What's the Score in Utility-Scale Solar?

A lot of big projects in development, a lot of which won't get built

2 min read
What's the Score in Utility-Scale Solar?

Among the two or three people who follow this blog closely I'm probably known as a skeptic about utility-scale solar--that is to say, about when "grid parity" will be reached in the United States, Europe, and Asia, and electricity from photovoltaics will be able to compete, without subsidies, with natural gas, nuclear, and wind.

When I visited a small PV generating plant on the Pennsylvania-New Jersey border several years ago, the economics of the project turned out to be so dubious, its designers refused to tell me how much the plant had actually cost to build. Executives at Applied Materials convinced me that making and selling PV manufacturing machinery is a very good business as long as subsidies last, but left me unconvinced it will be a viable business without subsidies any time soon.

That said, it seems only fair to note, 18 months later, that a lot of utility-scale projects are being built in the United States and that a great many more are on the books. According to a list compiled by the Solar Energy Industries Association, PV plants with a combined capacity of close to 200 MW have come into operation since the beginning of 2010, and plants totaling another 356 W are under construction. Some of the utility-scale generating plants such as Florida Power & Light's 25-MW DeSoto Solar Energy Center (above) are quite large indeed. The biggest so far is Pacific Gas and Electric's 55 MW plant in Boulder City, Nevada.

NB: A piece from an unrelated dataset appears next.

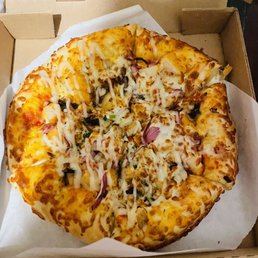 Potato Pizza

Looking to the future, utility-scale PV projects with a combined capacity of 18 GW are in development, and there are plans for concentrating thermal projects adding up to more than 9 GW. To put that in perspective, even allowing for the fact that solar plants generate electricity only about a third of the time, if all the utility-scale solar were to be built, combined central solar capacity would be equivalent to about 10 nuclear power plants--not trivial.

But it seems to me a fair guess that most of those plants will not actually be built. In many cases environmental considerations--land use, availability of water to clean panels, transmission connections--will doom them. At both the Federal and state levels subsidies may be erratic. By one recent count, 29 states and the District of Columbia have adopted Renewable Portfolio Standards,  20 with special requirements for solar. But in many cases those solar "carve-outs" or "set-asides" include caps on permissible costs, which utilities and their contractors have been unable to meet. PV costs remain very high compared to competitors, and of course the competition--above all natural gas, selling at record-low prices--is a moving target.

The papers are full of stories quoting experts to the effect that PV is on the cusp of a technological breakthrough and near grid parity. I still don't see it.